## Material for this task
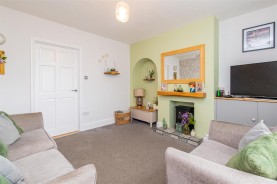 Images for Upper Kings Avenue, Higham Ferrers
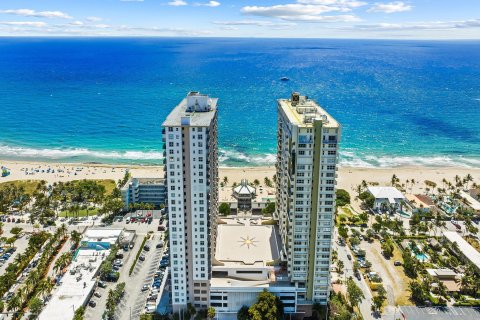 Copropriété à vendre à Pompano Beach, Floride: 2 chambres, 86.68 m2 № 1183326 - photo 1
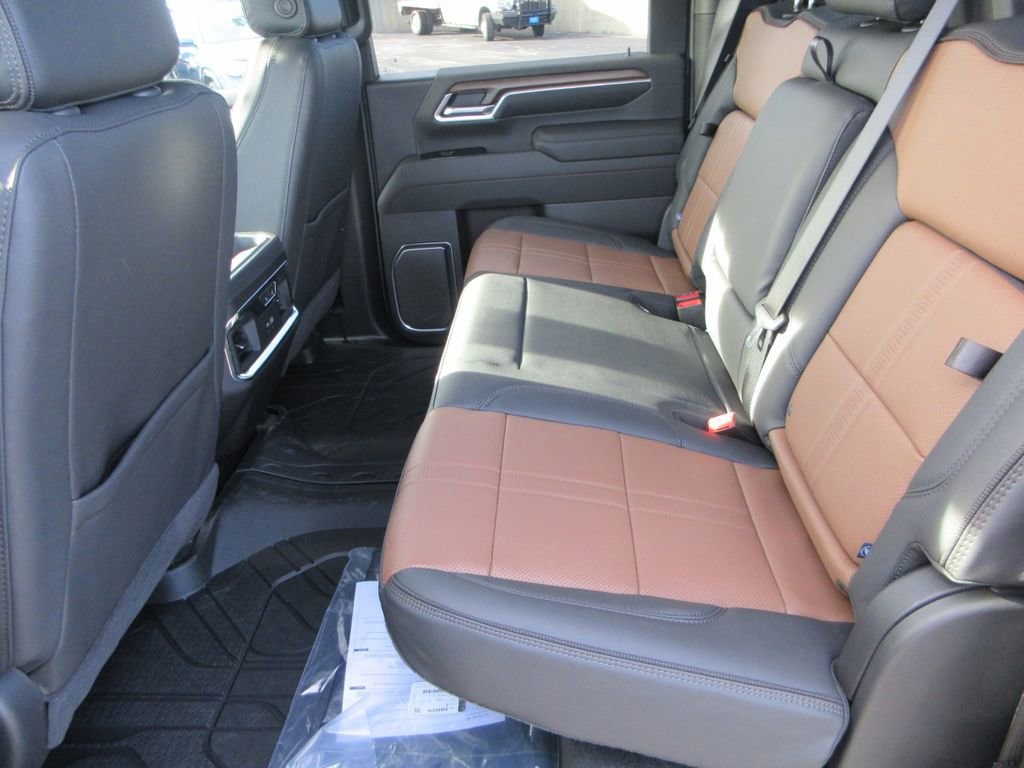 2026 Chevrolet Silverado 3500 HD High Country - Photo 15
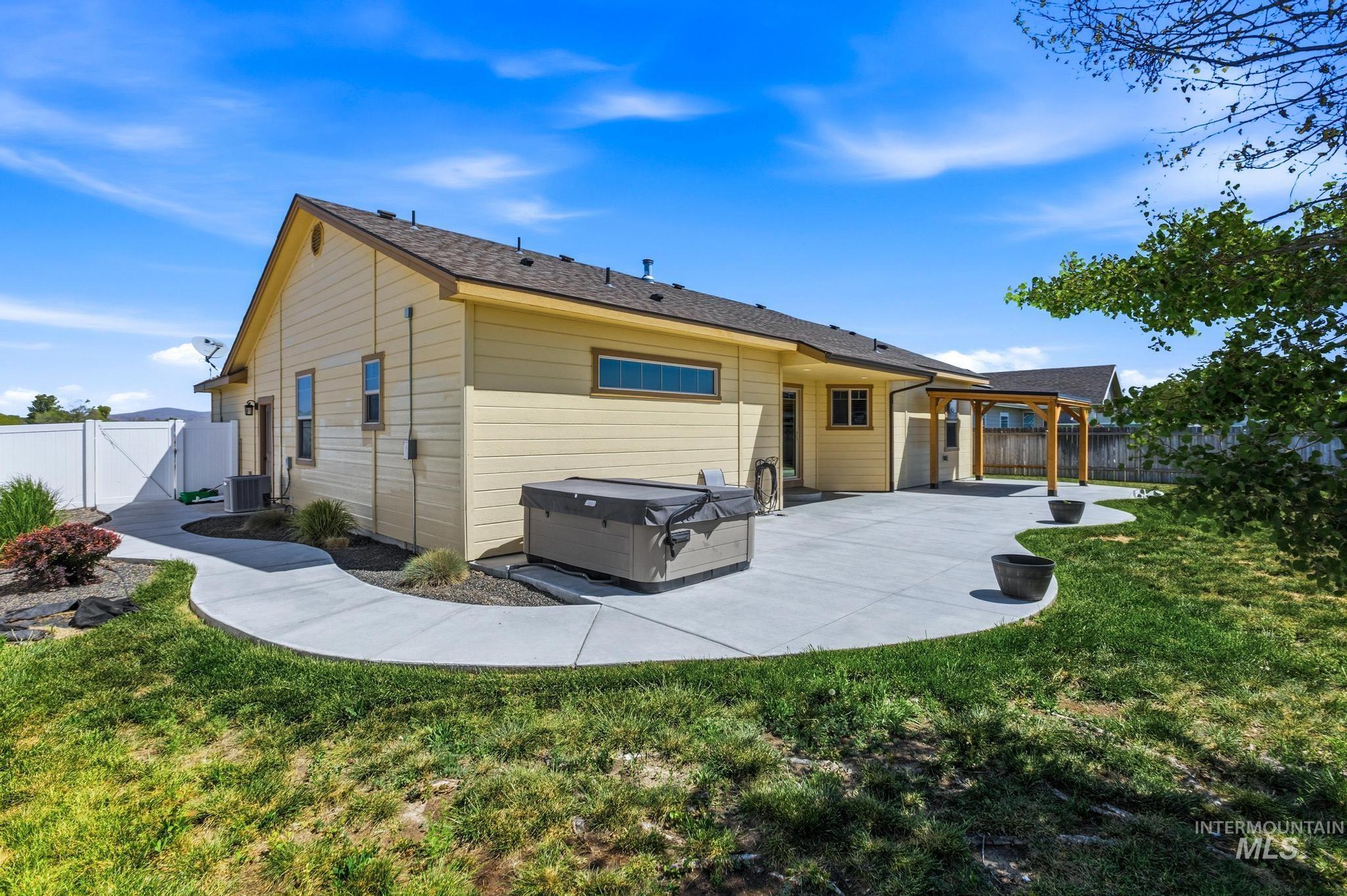 1045 W 12th South, Mountain Home, Idaho 83647, 3 Bedrooms, 2 Bathrooms, Residential For Sale, Price $374,900, 98986045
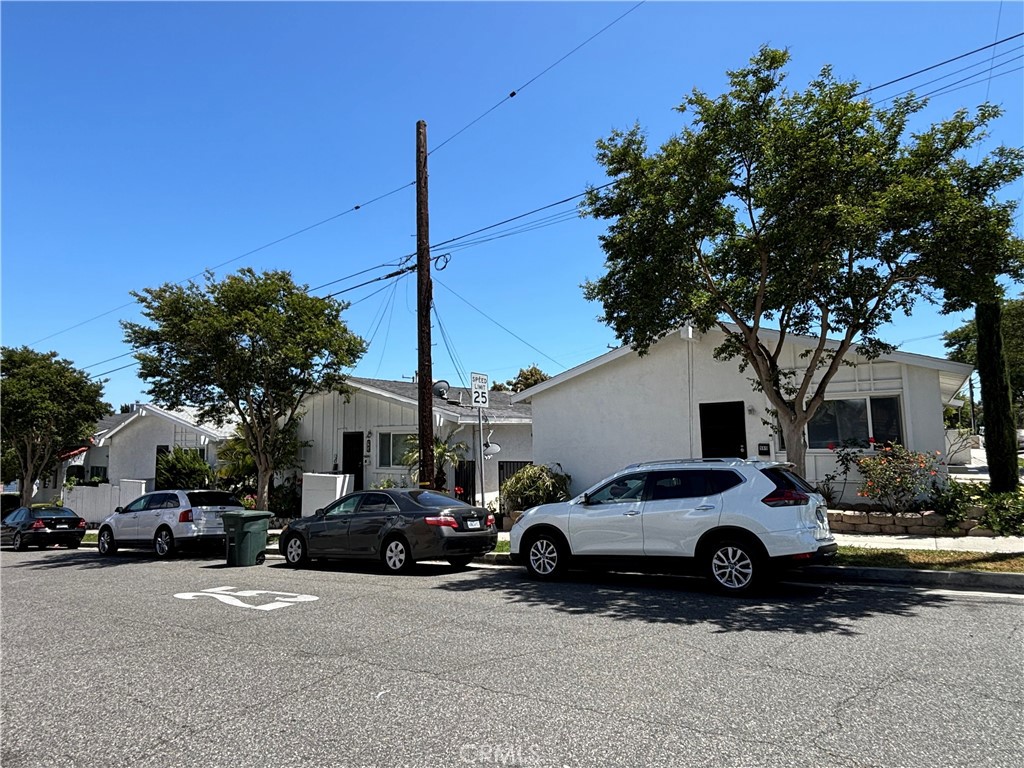 977 W 2nd Street Property Photo 1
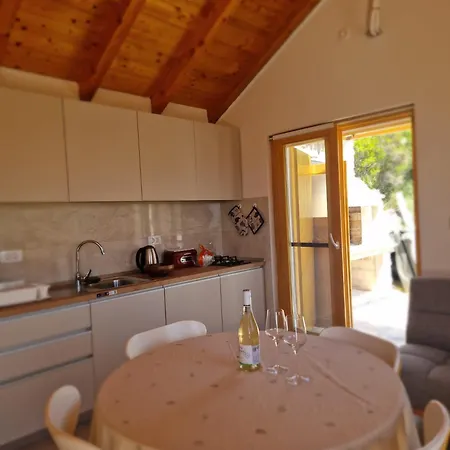 Semesterbostad Robinson Hideaway *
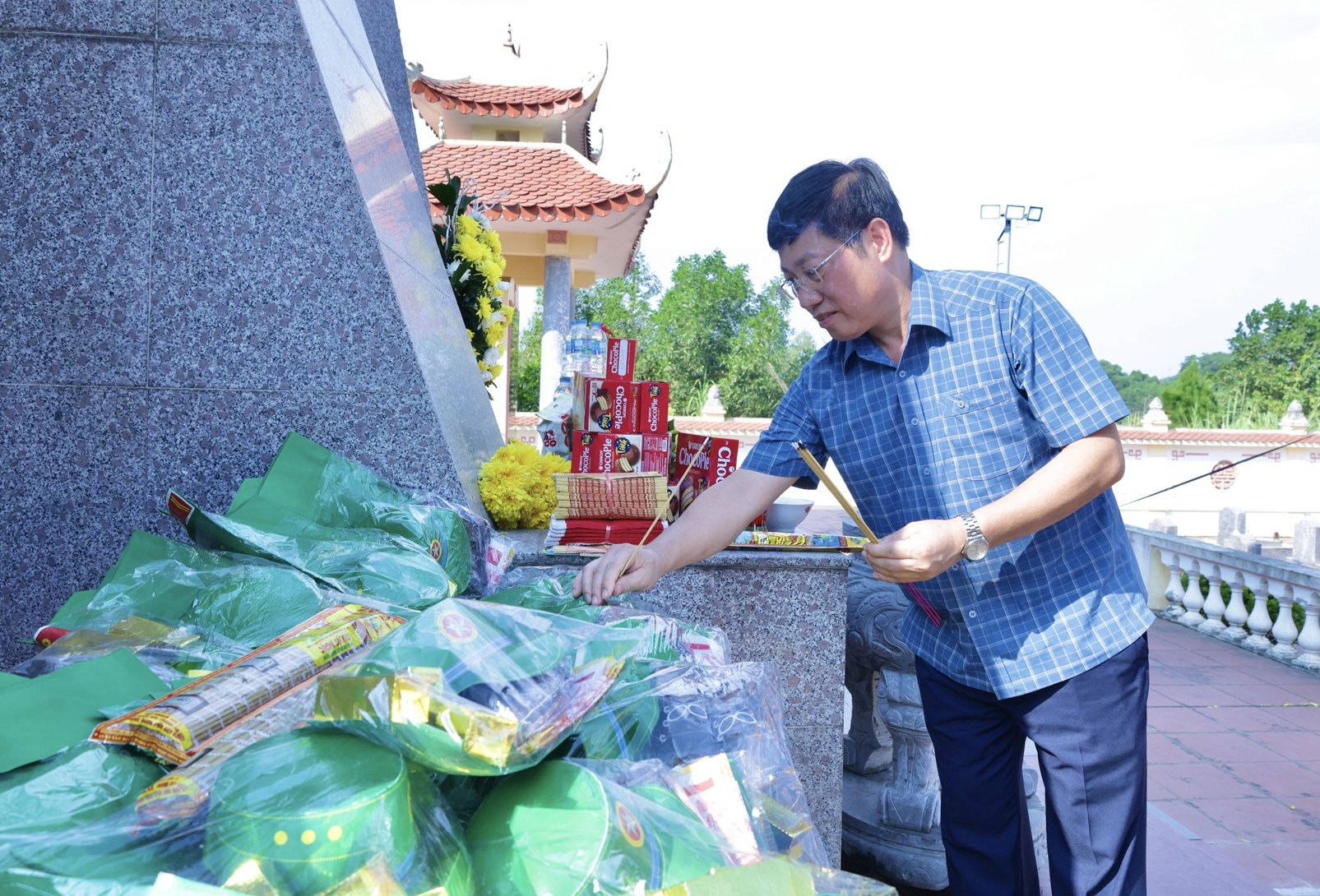 Anh-tin-bai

## Exercise directions
Nothing but the records above, retyped exactly and stripped of images, should appear in the answer.

## Task result
 Images for Upper Kings Avenue, Higham Ferrers
 Copropriété à vendre à Pompano Beach, Floride: 2 chambres, 86.68 m2 № 1183326 - photo 1
 2026 Chevrolet Silverado 3500 HD High Country - Photo 15
 1045 W 12th South, Mountain Home, Idaho 83647, 3 Bedrooms, 2 Bathrooms, Residential For Sale, Price $374,900, 98986045
 977 W 2nd Street Property Photo 1
 Semesterbostad Robinson Hideaway *
 Anh-tin-bai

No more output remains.